In many ways, this museum shines because of its simplicity. Five parallel bays made of simple barrel arches covered in the same pale stone fades to a quiet background. The form feels easy and overt. It doesn’t require puzzling or thinking, but shines in its honesty. What is left is brilliant modern works, most of them in steel and iron that wrap around and twist into their own figures.
Piano’s concept was a “museum without a roof.” Although this occurs obviously on the outside, it happens inside too. As you stare up at what could have been an actual ceiling but is instead just glass (supposedly a suggestion by one of Nasher’s daughters, so bravo to her), you also think of the lack of roof.
But that fading, happens with the walls too. The end walls are glass and invite the indoors in. The interior walls fade in their simplicity. He is able to accomplish this through transparency and simplicity. Your eye is always being driven towards the outdoors. Driven to the rising sculptures of trees intermixed with huge works that defy common thoughts of gravity. So although Piano might have been working towards a museum without a roof, he, like the sculpture inside the building, works in the round.
At first imagining, the garden was hilly and pocketed. Piano suggested the drawing of lines or the creating of allees that you see featured today. If anything, these path help reinforce the idea of the building. They guide but are not overt. They too are a backdrop.
The city noise and the frenetic rush of people and traffic is removed. The garden lazes behind some thick walls with some strategically placed fountains and windows. More than 90 trees are placed amidst 25 huge pieces of sculpture that rotate throughout the year. The word oasis was made for a space like this.
Unfortunately, in this case, it’s central location has caused problems too. An adjacent 42 story tower has been reflecting some serious glare into the museum’s windows since 2012, potentially damaging the art. Although a long dispute has continued to try to fix the problem, no solution was ever reached. This has required the museum to utilize extra shading devices at times, deeply damaging the concept of Piano’s whole idea. Although some hope that the tower will take measures to reduce the glare, that hasn’t seemed to occur yet.
You might be wondering why this is even a problem. Doesn’t the sunshade block all the direct light? But the problem is in the direction. The glare comes from the North.
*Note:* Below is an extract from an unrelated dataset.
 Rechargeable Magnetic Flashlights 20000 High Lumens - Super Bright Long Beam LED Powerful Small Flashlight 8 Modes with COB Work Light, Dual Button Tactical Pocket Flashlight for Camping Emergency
Loved because it is essentially always reflected, North light doesn’t have the same intensity. Museums love it because it is also even and not as colored throughout the day. The sunshade allowed this North light and now allows the glare. All kinds of suggestions were made from reflectance films on the windows to a free standing sun shade (which is nuts, look at this thing!). Let’s just keep our fingers crossed they come up with some solution.
Because the Nasher Museum is worth it.